# [ACTIVITY]
Please output exactly the lines from the one containing "31828 Chestnut Ridge" through the end of the records below, leaving out any pictures.

Crawled caption data:
---

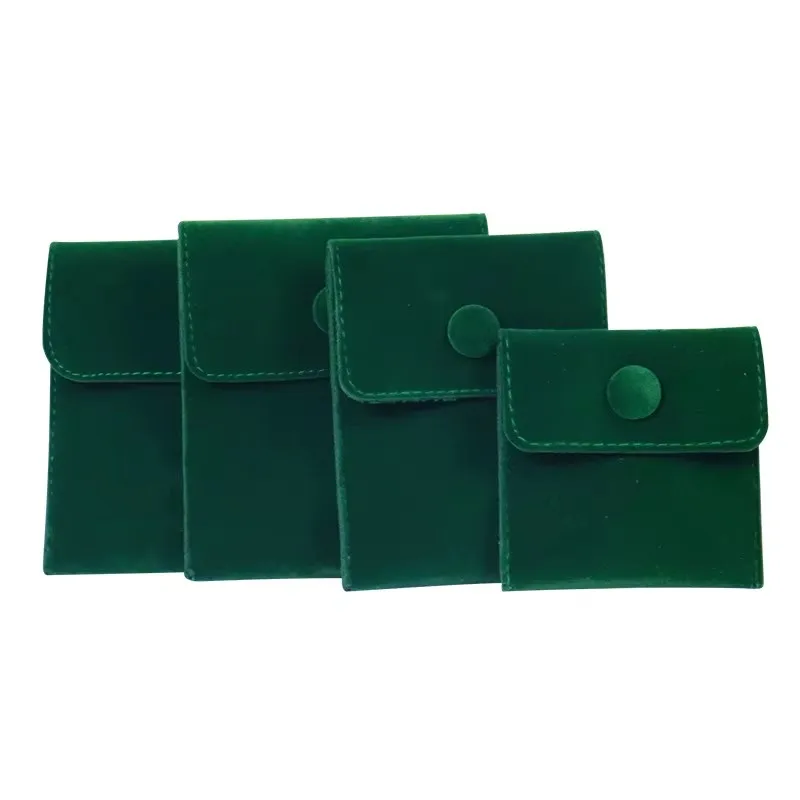 Thumbnail 4 - #38 Compare Velvet Jewelry Pouches Before You Buy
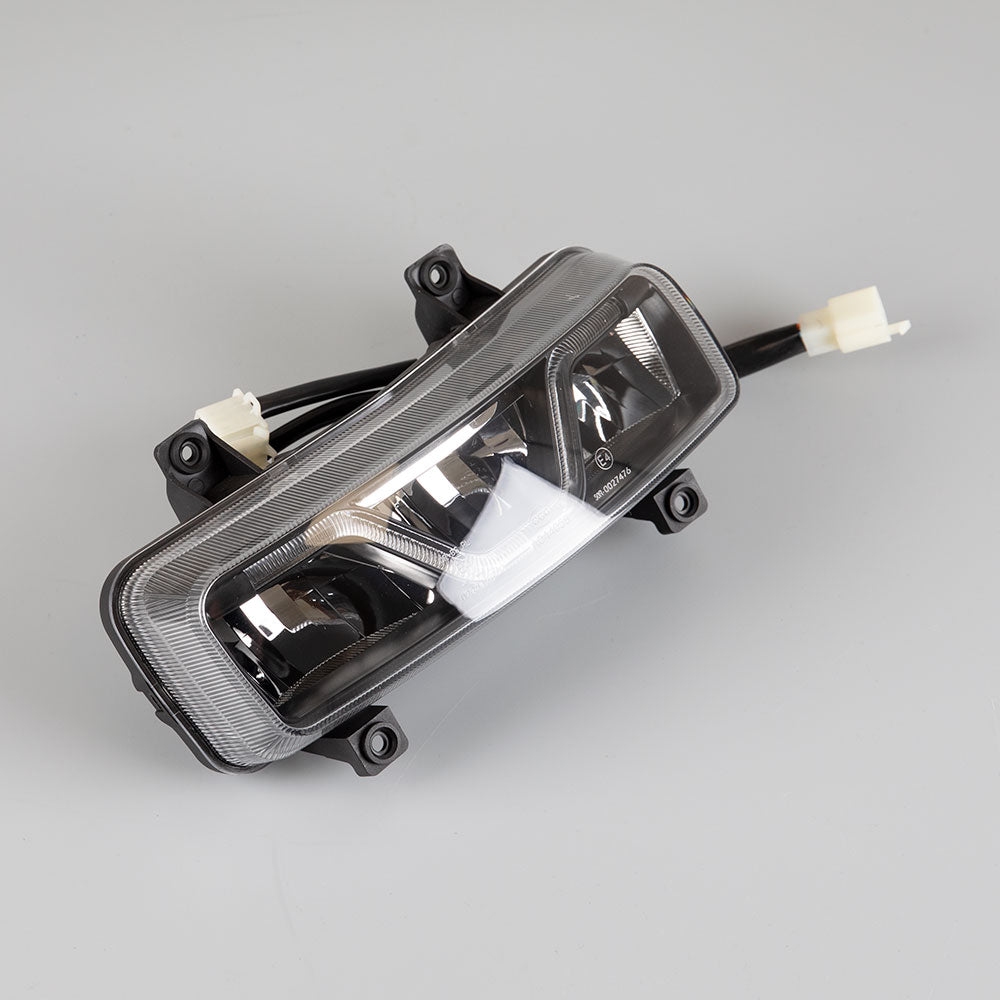 LED Headlight Assembly 2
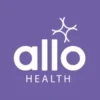 allo health Logo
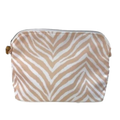 Tan Stripe Traveler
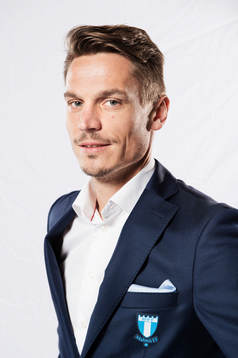 Markus Rosenberg, Malmö FF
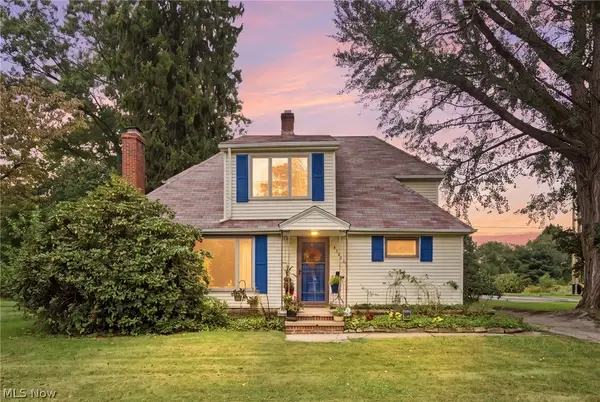 31828 Chestnut Ridge Road, North Ridgeville, OH 44039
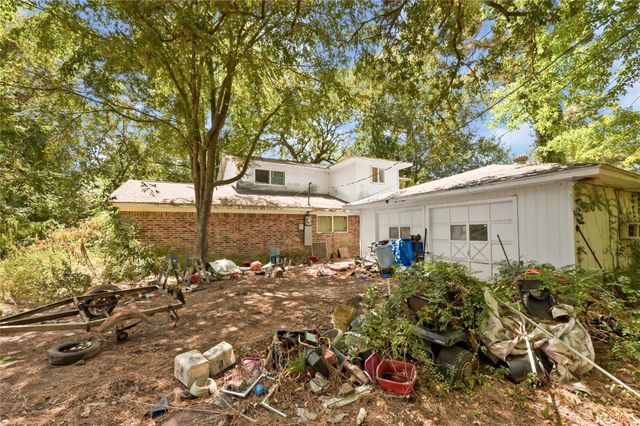 25102 Burrard Street, Spring, TX 77373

---

# [TASK ANSWER]
 31828 Chestnut Ridge Road, North Ridgeville, OH 44039
 25102 Burrard Street, Spring, TX 77373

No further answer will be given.